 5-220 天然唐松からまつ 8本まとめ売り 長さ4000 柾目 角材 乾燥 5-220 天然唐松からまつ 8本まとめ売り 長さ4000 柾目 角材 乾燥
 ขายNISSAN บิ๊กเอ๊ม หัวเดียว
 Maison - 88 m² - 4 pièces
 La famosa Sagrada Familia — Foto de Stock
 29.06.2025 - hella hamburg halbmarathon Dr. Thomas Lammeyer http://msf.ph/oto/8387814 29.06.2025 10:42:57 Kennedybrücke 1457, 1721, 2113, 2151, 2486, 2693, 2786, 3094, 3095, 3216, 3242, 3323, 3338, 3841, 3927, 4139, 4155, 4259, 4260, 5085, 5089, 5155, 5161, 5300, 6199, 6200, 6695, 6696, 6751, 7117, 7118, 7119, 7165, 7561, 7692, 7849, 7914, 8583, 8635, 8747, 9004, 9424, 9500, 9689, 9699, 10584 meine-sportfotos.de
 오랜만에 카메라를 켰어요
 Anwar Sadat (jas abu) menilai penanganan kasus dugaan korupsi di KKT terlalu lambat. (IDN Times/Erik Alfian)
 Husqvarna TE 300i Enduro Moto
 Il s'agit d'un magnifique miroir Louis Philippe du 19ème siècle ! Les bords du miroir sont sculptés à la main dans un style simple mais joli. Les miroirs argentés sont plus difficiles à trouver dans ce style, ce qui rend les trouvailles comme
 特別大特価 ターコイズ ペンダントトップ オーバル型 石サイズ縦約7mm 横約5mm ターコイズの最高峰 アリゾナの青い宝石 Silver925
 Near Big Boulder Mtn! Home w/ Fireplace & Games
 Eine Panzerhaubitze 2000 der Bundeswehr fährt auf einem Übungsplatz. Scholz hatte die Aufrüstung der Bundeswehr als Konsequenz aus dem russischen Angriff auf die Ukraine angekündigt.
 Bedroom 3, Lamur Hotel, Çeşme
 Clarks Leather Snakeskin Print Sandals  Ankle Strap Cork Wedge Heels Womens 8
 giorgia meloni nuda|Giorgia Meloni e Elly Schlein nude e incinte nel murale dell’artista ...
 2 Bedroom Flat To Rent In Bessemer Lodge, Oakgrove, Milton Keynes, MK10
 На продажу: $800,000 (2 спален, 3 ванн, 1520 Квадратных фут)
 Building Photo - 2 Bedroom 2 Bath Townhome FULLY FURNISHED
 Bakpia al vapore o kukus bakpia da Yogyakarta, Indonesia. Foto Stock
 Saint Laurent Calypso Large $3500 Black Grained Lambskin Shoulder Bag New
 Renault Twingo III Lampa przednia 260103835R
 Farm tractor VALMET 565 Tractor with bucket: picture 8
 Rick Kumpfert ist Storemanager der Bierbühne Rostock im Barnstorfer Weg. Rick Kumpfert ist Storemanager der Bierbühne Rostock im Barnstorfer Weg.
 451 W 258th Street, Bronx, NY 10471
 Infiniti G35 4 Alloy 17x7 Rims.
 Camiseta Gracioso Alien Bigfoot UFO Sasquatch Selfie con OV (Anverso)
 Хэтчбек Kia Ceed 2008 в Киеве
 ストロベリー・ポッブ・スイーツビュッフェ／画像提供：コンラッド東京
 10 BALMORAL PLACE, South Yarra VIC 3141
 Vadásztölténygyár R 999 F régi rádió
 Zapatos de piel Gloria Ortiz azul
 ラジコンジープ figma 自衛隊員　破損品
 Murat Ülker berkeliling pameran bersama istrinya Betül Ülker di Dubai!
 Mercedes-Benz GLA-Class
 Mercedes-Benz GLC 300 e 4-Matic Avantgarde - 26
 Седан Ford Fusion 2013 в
○ ○ ○ ○ ○
How to complete this task: Your answer should be all lines from the data that contain "Mercedes".

Task result:
 Mercedes-Benz GLA-Class
 Mercedes-Benz GLC 300 e 4-Matic Avantgarde - 26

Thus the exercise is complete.